『いつでもクビ切り社会』森戸 英幸

「エイジフリー」の罠 いつでもクビ切り社会 (文春新書)

「エイジフリー」の罠 いつでもクビ切り社会 (文春新書)

センセーショナルなタイトルだが、不安をあおるタイプの本ではなく、今の日本の「年齢」に対する考え方と、世界のトレンド、今後どのような流れになっていくかを法律の専門家が分かりやすく(時にはかなりくだけて)解説した本。

著者のスタンスとしては、エイジフリーってバラ色の未来だけではないよ、大丈夫?と心配しつつも、徐々にエイジフリーになっていかざるを得ないよねというもの。これからの少子高齢社会、高齢者といえでも働かなければ社会はなりたっていかない、が、もし年齢の基準をなくすと、能力を基準として人の雇用を調整しなくてはならなくなり、それは企業にとっても労働者にとってもしんどい。また、日本の文化にも「年齢基準」というものが深く根付いている。

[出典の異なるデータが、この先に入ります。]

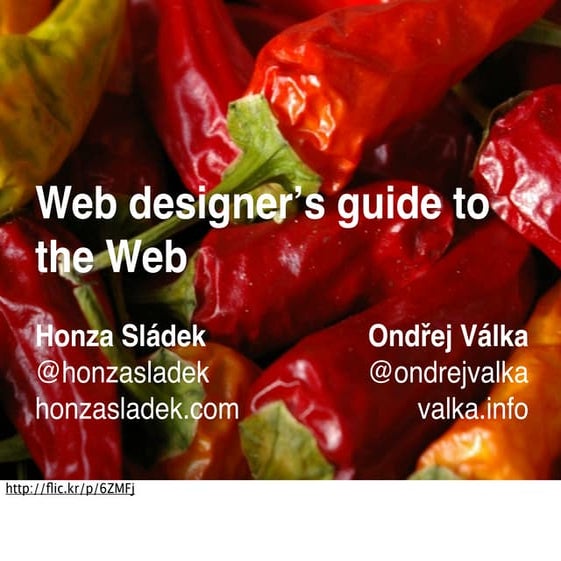 Web designerʼs guide to the Web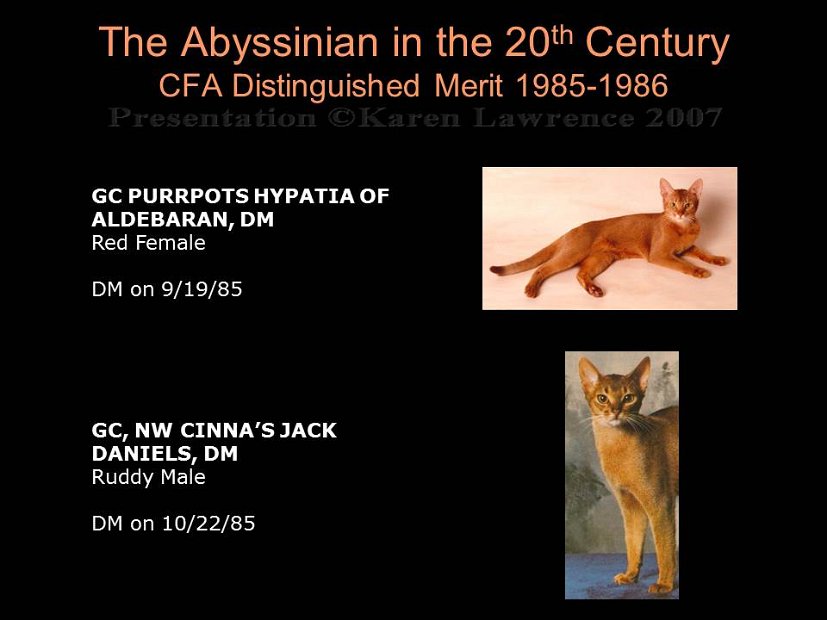 Slide306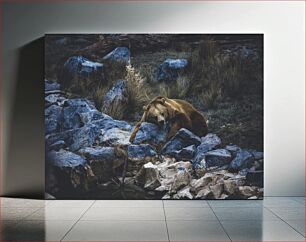 Πίνακας, Bear Resting on Rocks Αρκούδα που στηρίζεται σε βράχους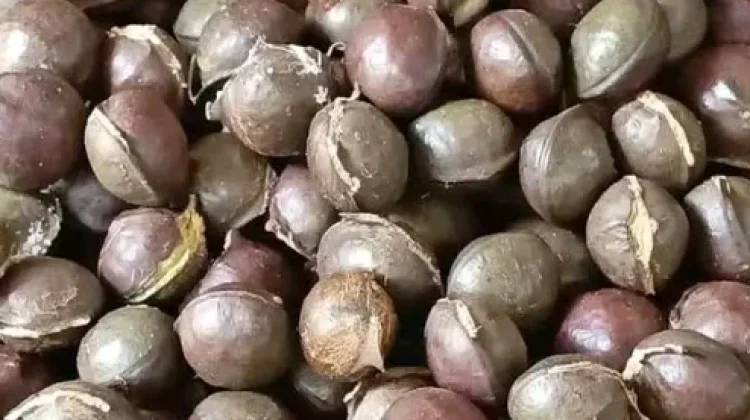 Tips Mengolah Jengkol dan Bebas Bau
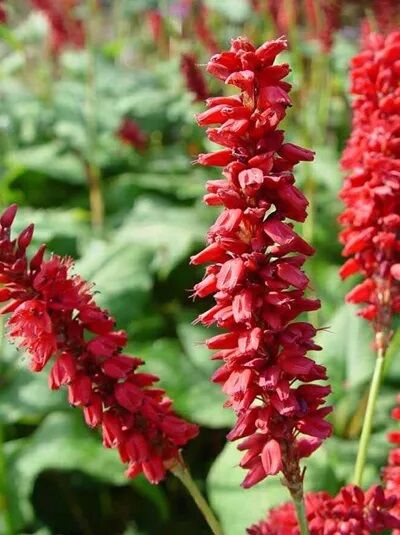 Kerzen-Knöterich / Bistorta amplexicaulis JS Caliente ®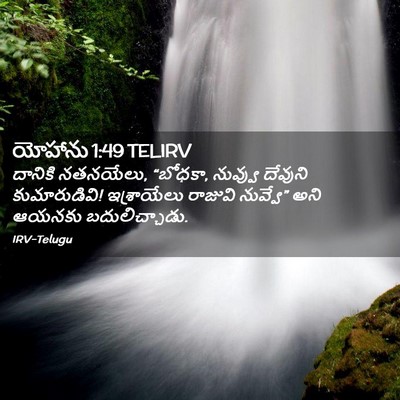Picture 02 - యోహాను 1:49 TELIRV - దానికి నతనయేలు, - Bible Verse Picture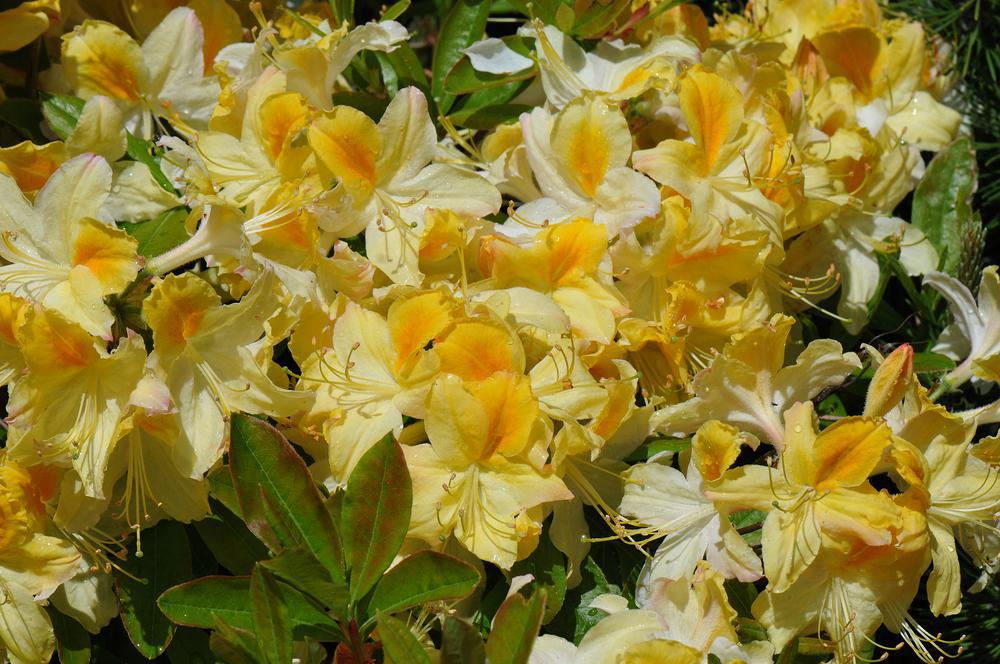 3G AZALEA 'LEMON LIGHTS' Lemon Lights Azalea Deciduous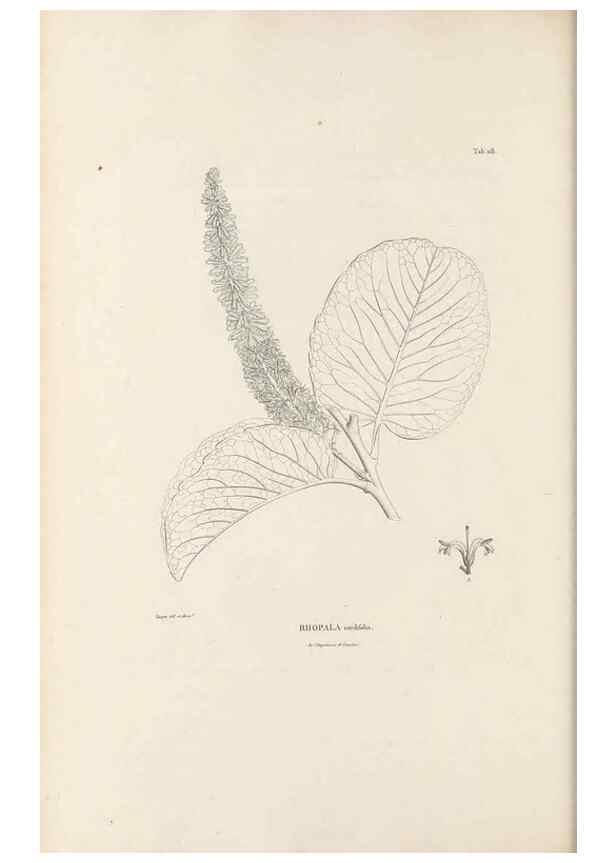 Reproducción/Reproduction 49521459981: Nova genera et species plantarum :. Antverpiae :Ex officina Christophori Plantini ...,1576.. 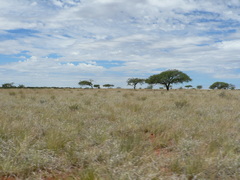 Schmidtia pappophoroides
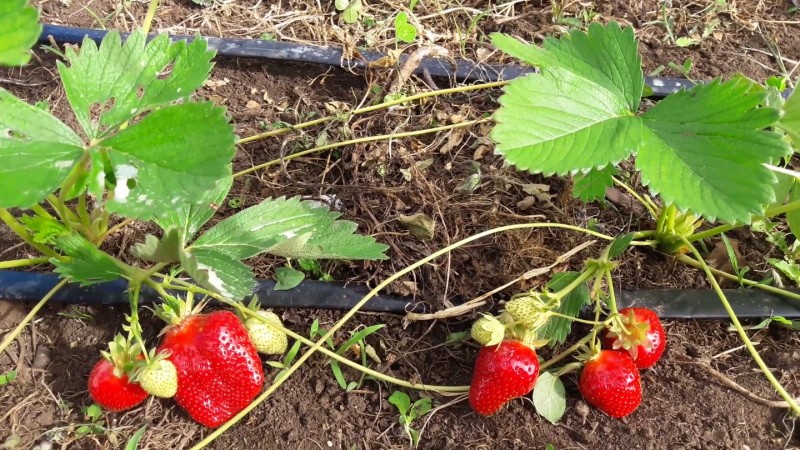 fresas frutales y riego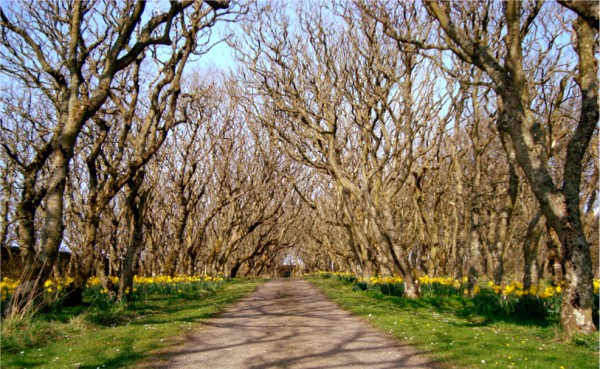 Castle of Mey
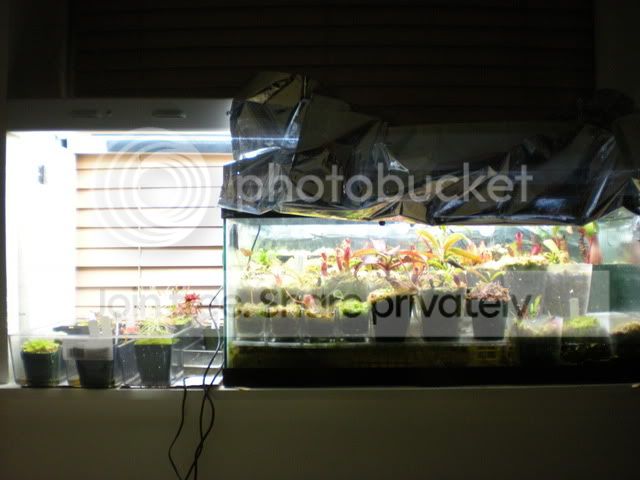 DSCN3803.jpg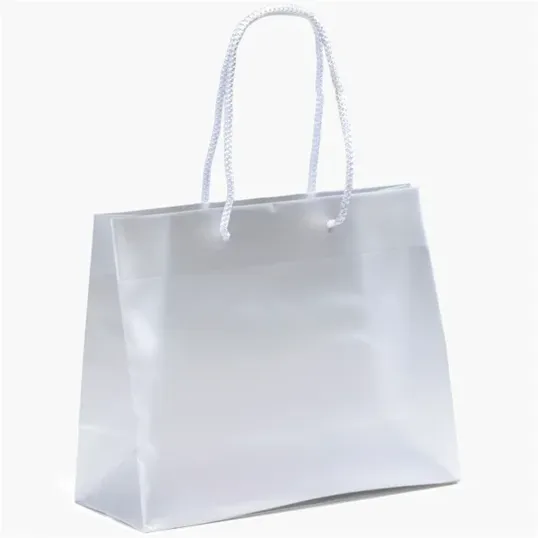Pisces Frosted Eurotote with Foil Print — view 2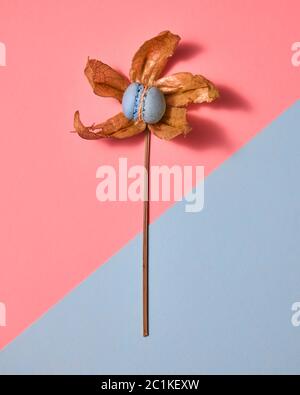 Blue homemade macaroon cake with petals Physalis in the form of flower on a duotone pastel paper background. Stock Photo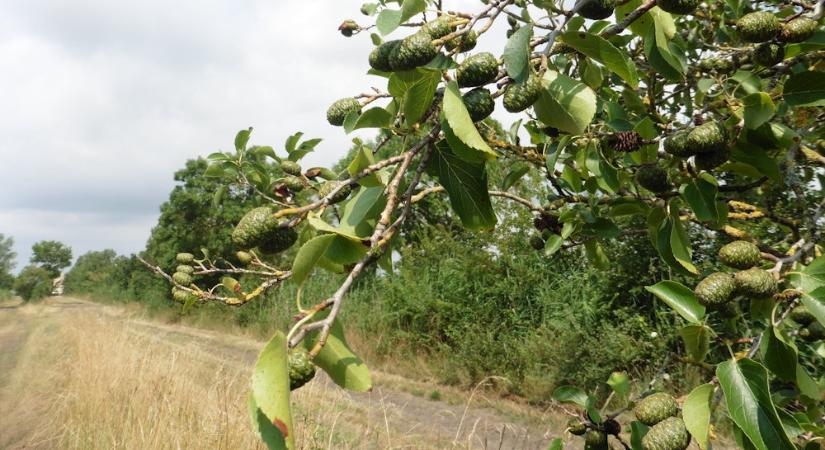 Három éger, egy kert – melyik éger illik hozzád igazán?
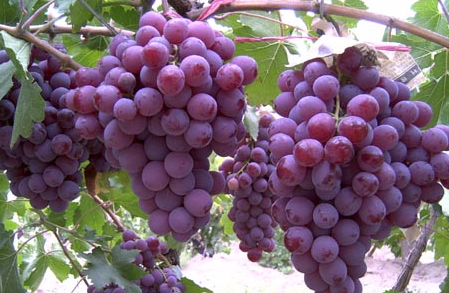 山东藤稔葡萄种植基地 葡萄批发价格 新鲜葡萄保存方法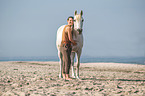woman and arabian horse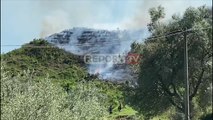 Report TV - Zjarr te Kodra e Diellit, digjen shkurre e ferra, 4 zjarrfikëse në luftë me flakët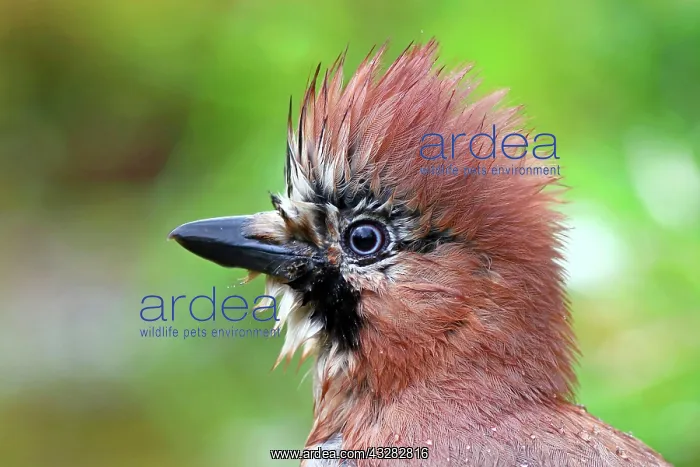 : Eurasian jay (Garrulus glandarius), portrait with : Eurasian jay (Garrulus glandarius), portrait with
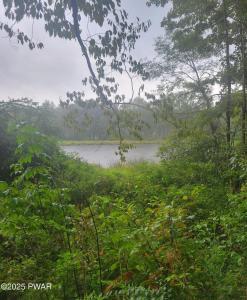 0 Maplewood Road, Lake Ariel, Pennsylvania 18436, USA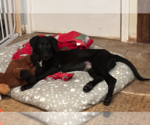 Small #3 Labrador Retriever Mix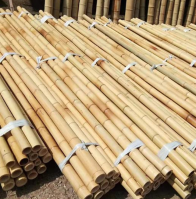 Bamboo Pole For Planting And Construction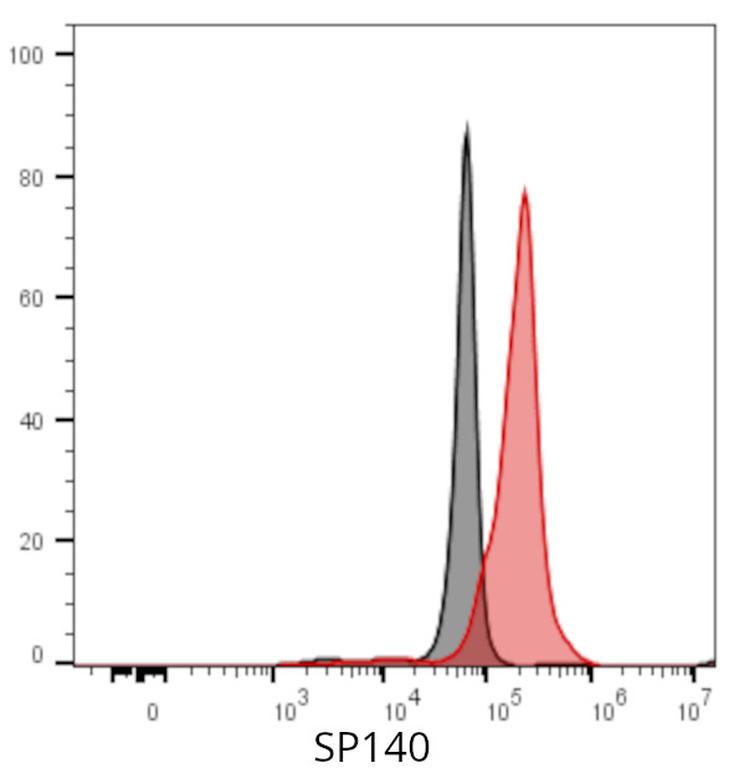 Ankyron SP140_HUMAN Clone DV40796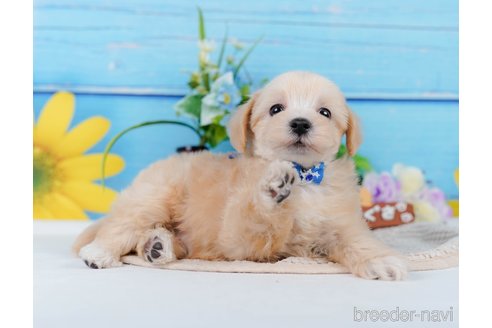 成約済の神奈川県のマルプー:マルチーズ×トイプードル-345151の3枚目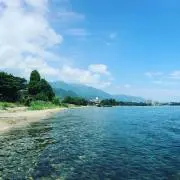 gomagomaの画像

20年ほど前、男女雇用機会均等法が出来る前は「女性差別は当たり前」だった。それが今は段階を経て、随分男女差別が少なくなってきた(もちろん、まだあるが)。もし今、強固に「年齢差別反対」をうたった法律ができれば、数十年後エイジフリー社会ができつつあるかもしれない。が、まだ法律が整備されているわけではなく(年齢差別を禁止している面もありつつ、定年制は認めている)、完全なエイジフリー社会がやってくるとしても、かなり先になるのではないかと思う。